Stop al Redditometro, arriva il Concordato biennale: la riforma fiscale del Governo Meloni va avanti

Va avanti la riforma fiscale voluta dal Governo Meloni. Va avanti su due fronti: il primo è il superamento delle misure istituite dai governi passati, nati nella concezione, verso la quale il Governo Meloni ha fin da subito espresso contrarietà, per cui il cittadino è un suddito del fisco da vessare, il contribuente un possibile evasore da punire prima ancora che l’abbia fatto. La seconda strategia, invece, riguarda l’inserimento di nuovi strumenti per aiutare i cittadini e chi sceglie di investire nel nostro Paese, garantendo una tassazione giusta e non vessatoria specialmente alle piccole e medie imprese, sulle quali si basa la gran parte della nostra economia. A loro tutela, ad esempio, si pensi già al taglio del cuneo fiscale, presente in entrambe le leggi di Bilancio stilate fin qui dall’esecutivo, o all’accorpamento delle aliquote Irpef, che in due anni sono già passate da cinque a tre.

Addio al grande Fratello fiscale

Riguardo la prima strategia, la commissione Finanze del Senato ha ufficialmente rottamato il Redditometro, il cosiddetto “grande Fratello fiscale” introdotto dal centrosinistra e che, per qualche ora, nei mesi scorsi, complice una forte disinformazione, pareva essere pronto a ritornare.
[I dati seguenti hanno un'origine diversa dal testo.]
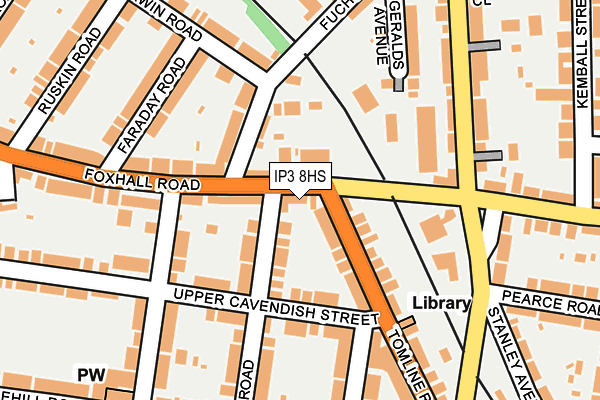 IP3 8HS map - OS OpenMap – Local (Ordnance Survey)
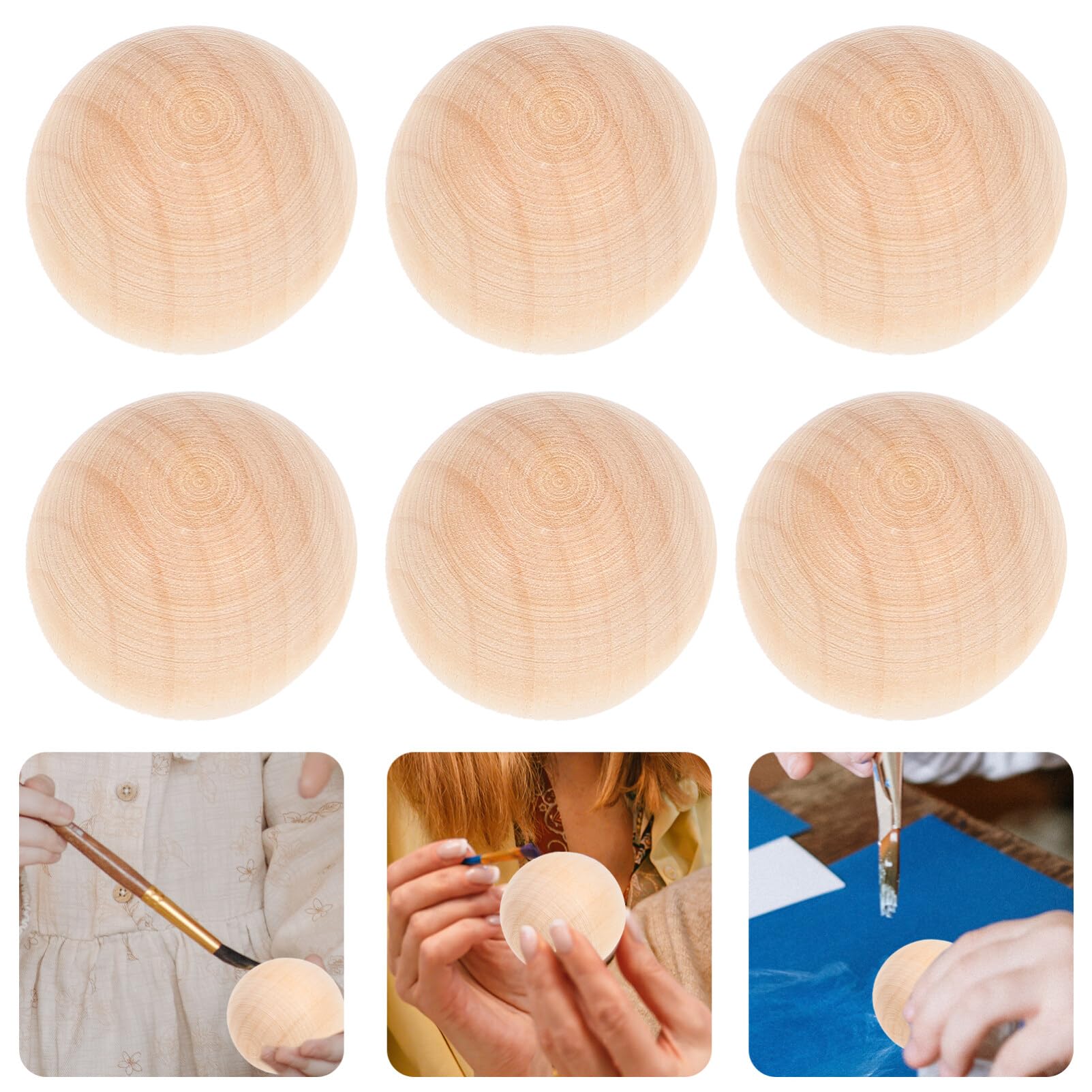 EXCEART 30 Stück Runde Holzperlen Ohne Loch – 30 Mm, Aus Lotusholz, Zum Bemalen Und Basteln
Ma fu repentina la risposta del presidente del Consiglio Giorgia Meloni (“Siamo sempre stati contrari a meccanismi invasivi, come il redditometro, applicati a persone oneste e la nostra posizione non è cambiata”) e di Fratelli d’Italia (“Con noi non sarà mai possibile tornare al grande fratello fiscale voluto dalla sinistra, siamo portatori sani di un modello radicalmente opposto”). Tra i punti principali di opposizione alla misura, la sua grande invasività, a scapito della privacy del contribuente: resterà soltanto per i casi in cui si notano divari troppo ampi tra le spese e il reddito dichiarato, dove cioè vi è un forte rischio di evasione, a dimostrazione del fatto che, nonostante una maggiore fiducia posta dall’esecutivo nel contribuente rispetto agli anni passati, il centrodestra non vuole lasciare neppure un centimetro di spazio a evasori, furbetti e truffatori. L’invito della commissione all’esecutivo è “incrementare le tutele dei contribuenti, evitando di ripristinare strumenti e istituti a carattere induttivo di massa”.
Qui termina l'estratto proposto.